On the other hand investors could be placing a premium on Valuetronics because it is dividend-paying and in a net-cash position with 51% of its total assets in cash. Its current ratio of 2 is in the healthy range. Dividend yield is currently at 6.2% (see Chart 3); it has ranged from 4.2% to 11.9% over the past 11 years. The company’s dividend policy is to pay out 30% to 50% of its net profits.

Essentially, Valuetronics is an integrated electronics manufacturing services (EMS) provider. The company mainly provides design, engineering, manufacturing and supply chain support services to its clients and partners.

In 1QFY2020 (three months ended June 30), North America; China and Asia-Pacific; and Europe contributed 44.5%, 38.1% and 17.4% respectively to its revenue.

Not surprisingly, Valuetronics is adversely affected by the trade war between the US and China; it has said its operations are likely to be negatively affected over the next few months. For its most recent financial quarter (1QFY2020), around half of the Group’s US shipment from China was subject to a 25% tariff imposed on its customers. However, its customers are deploying diversified procurement strategies, such as assembling their products outside China, to mitigate the adverse impact of the tariffs. Valuetronics’ Vietnam expansion plan, which was implemented in June 2019, is progressing according to plan, and the company expects to stay profitable for the financial year.

Analysts are mildly positive about Valuetronics, and have a price target of $0.75, which is a 7.2% upside from its current price of $0.70, according to Bloomberg.
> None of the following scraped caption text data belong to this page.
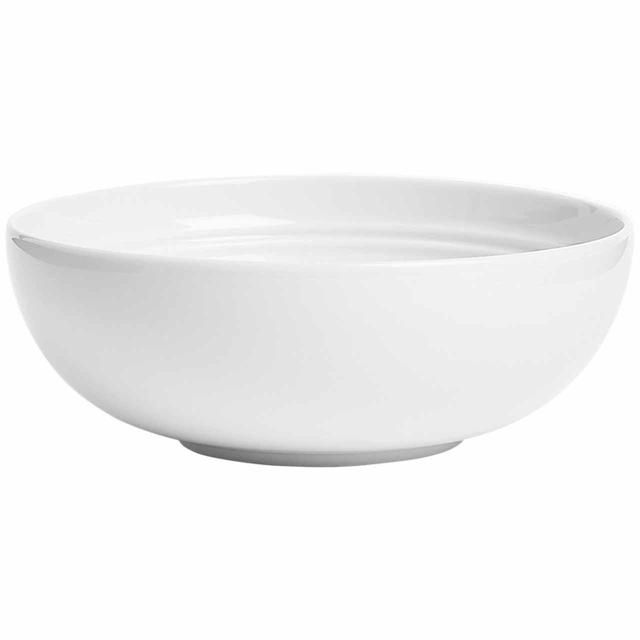 M&S Marlowe Cereal Bowl White GOODS M&S   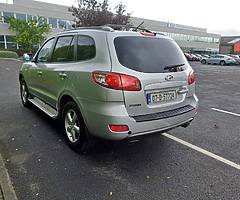 HYUNDAI SANT FE 7 SEATER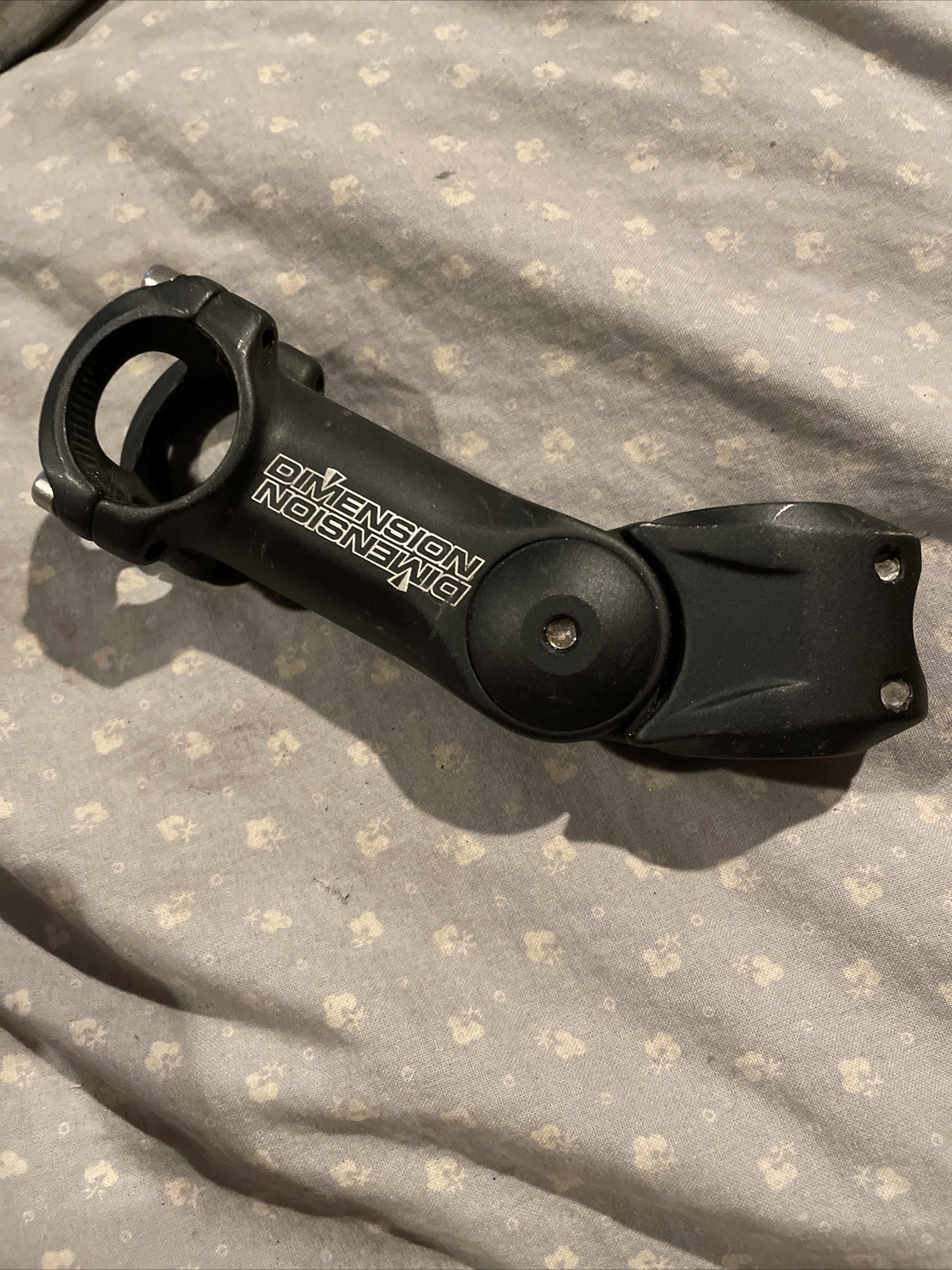 dimension adjustable stem 11cm 31.8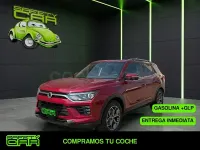 Usado SsangYong Korando 149 CV (109 kW) 2020 Blanco SUV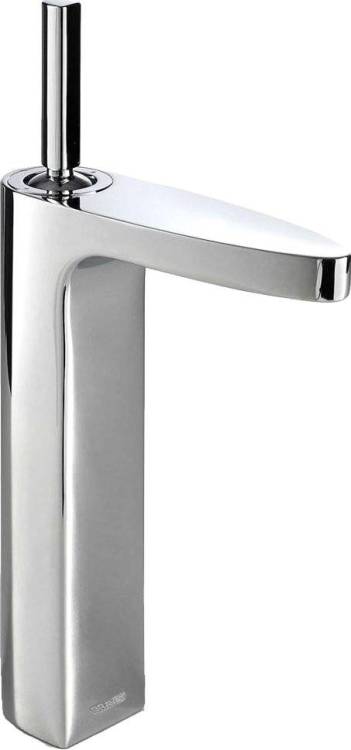 Смеситель для раковины Bravat Spring F179113C-A хром
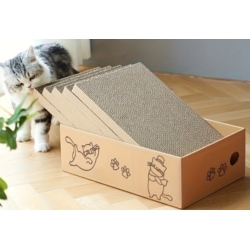                             POSTE RASCADOR PARA GATOS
Price growth versus value growth: Valuetronics looks rich

Charts 1 to 3 show the price growth of Spindex Industries, Frencken Group and Valuetronics Holdings against their weighted value growth across five periods. These five periods are 15 years, 10 years, five years, three years and one year. Ideally, for a company to be attractive, the price has to be cheap but the value must be substantial — and a chart with the weighted value growth more than the price growth will reflect this.

Therefore, it is not the shape of the curve but the levels at which the charts are at. Spindex’s value growth have weighted metrics such as net profit, retained earnings and equity, operating cash flow and free cash flow — over the five periods is higher than its price growth. This implies undervaluation. The indicator is not a forward-looking one; over the last five periods, weighted value has grown by an average of 17.7%.

For Frencken, both value growth and price growth have risen in the past five years. However, price growth has outpaced value growth. In addition, selling pressure could emerge with major shareholders who are members of fugitive financier Jho Low’s immediate family likely to divest their stake.

Based on our price-value analysis, Valuetronics’ price has grown a lot more in the past five years than its valuation, suggesting that investors are a lot more optimistic about its prospects than the company has been able to deliver. If this trend persists, Valuetronics could be overvalued.